In 1914, Thomas Caldwell, of the Oakland, California YMCA, was searching for a method to deal
with certain discipline problems at camp in a positive, rather than negative,
way. At the time, the method used by many YMCA camps was to present awards for
participation in athletics and other activities. Caldwell considered this, but
discarded the idea because a handicapped boy, who would be unable to win
such an award, was expected to attend camp. Caldwell's aspiration evolved into
the idea of rewarding positive character traits, such as good health habits,
promptness, cheerfulness, morals, trust and helpfulness. To symbolize these
positive qualities, Caldwell bought some very simple blue bandanas he called
“Rags.” Their simplicity signified that, in and of themselves, the rags had no
value--rather, they were just a symbol of positive qualities the person had
demonstrated. During an evening campfire program, Caldwell called several of
the boys forward. As he tied the Rag around each boy’s neck, he explained to
him, and the camp, the reason for receiving it. Thus a tradition was started.
Evolution of the Ragger’s Program:
Conley Davies, and other early Raggers, proposed that the Rag should be a challenge
available to every camper who sincerely accepted it and shared with a
counselor its meaning in meeting his/her personal needs. So in turn, throughout its long
history, the Rag as a challenging symbol of the strength of Christian character,
leadership and service has been the key to the spirit of Christian fellowship
at YMCA Summer Camps around the world. The concept of “award” has changed over the years, to a
philosophy that Rags are challenges – not to be “given” but to be “accepted.”
Various challenges have been added, so there are now seven Rag steps. A
specific Rag color is used to identify each Rag step.
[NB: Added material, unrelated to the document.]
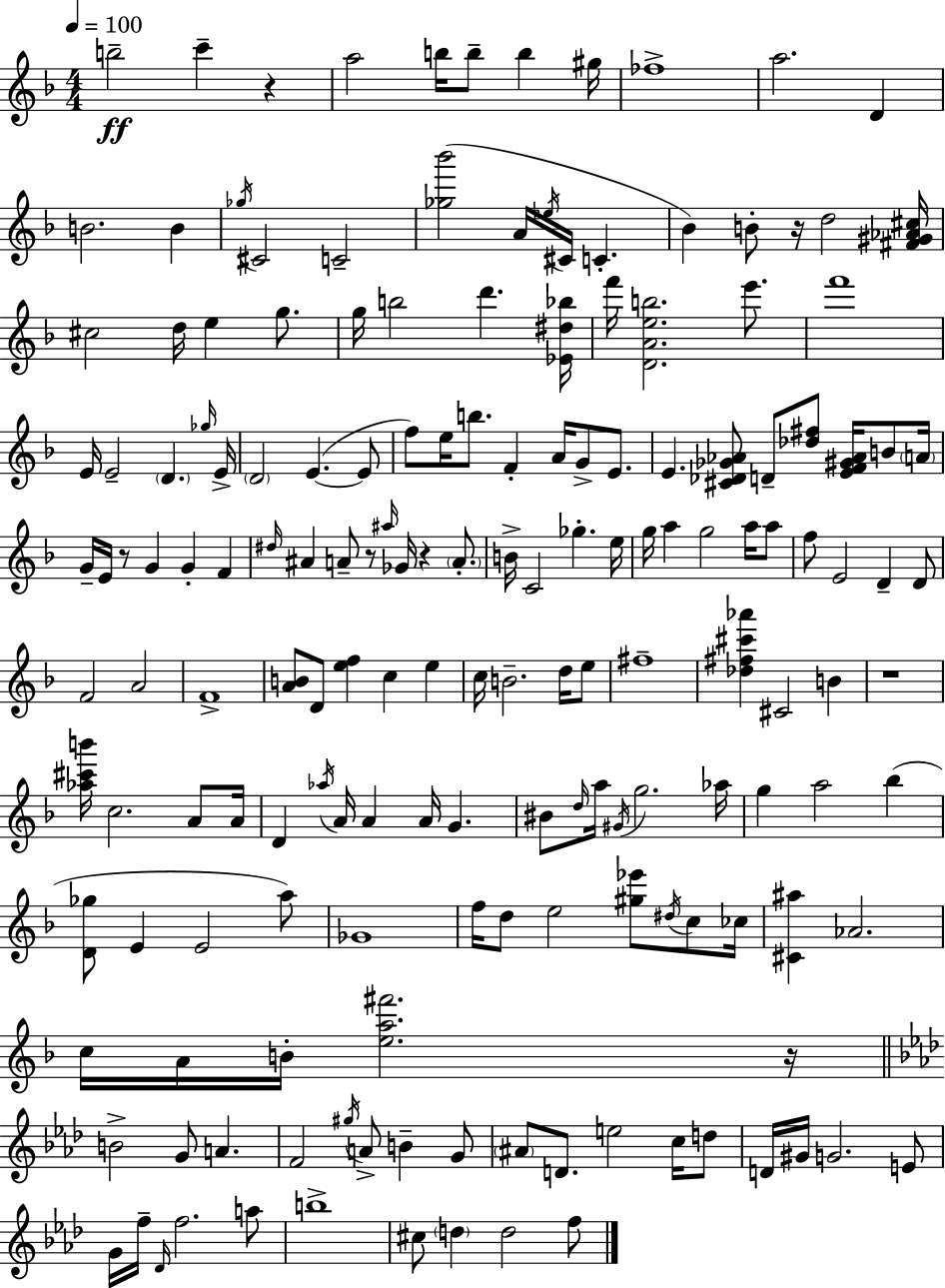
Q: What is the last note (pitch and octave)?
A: F5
These steps are designed
to provide new challenges as one grows and matures.
The Seven Rag Steps:
- Blue (12yo) - Loyalty to God, Country, one's best self and the Raggers' Creed.
- Silver (13yo)- Acceptance or re-dedication to the Christian way of life or spiritual growth.
- Brown (14yo)- Christian Service.
- Gold (15yo)- Understanding, concern and acceptance of others.
- Red (16yo)- Sacrifice of time, talent, and personal will.
- Purple (18yo)- A dedication towards excellence and noble living in all Christian Service Opportunities.
- White (21yo)- Life of Full-Time Christian Service.
Campers ages 9 to 11 may accept the challenges of the Leathers.
The three Leather steps:
- Triangle (9yo)- To Grow in body, mind and Spirit.
- Square (10yo)- To Grow, become a better friend and to keep good friends.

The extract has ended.